From the line below that contains "Foto de CASA QUINTA EN VENTA, imagen 4" to the line that contains "Kỷ Nguyên Kỳ Lạ Chapter 482 - Trang 2", repeat every line exactly, both ends included, and nothing else.

Listed records Block Start

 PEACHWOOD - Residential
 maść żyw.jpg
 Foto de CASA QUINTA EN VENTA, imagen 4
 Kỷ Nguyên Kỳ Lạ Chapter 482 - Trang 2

Listed records Block End
Listed records Block Start

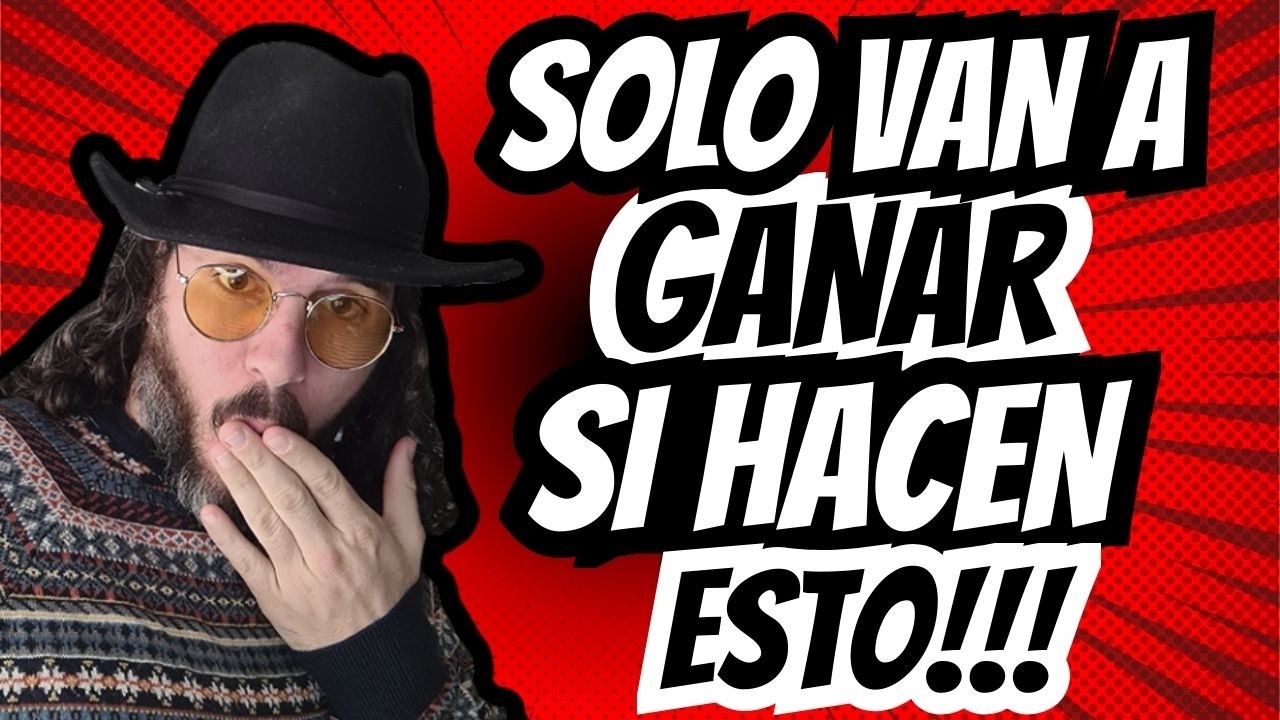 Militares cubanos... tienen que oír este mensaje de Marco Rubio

Listed records Block End

▶ Response
 Foto de CASA QUINTA EN VENTA, imagen 4
 Kỷ Nguyên Kỳ Lạ Chapter 482 - Trang 2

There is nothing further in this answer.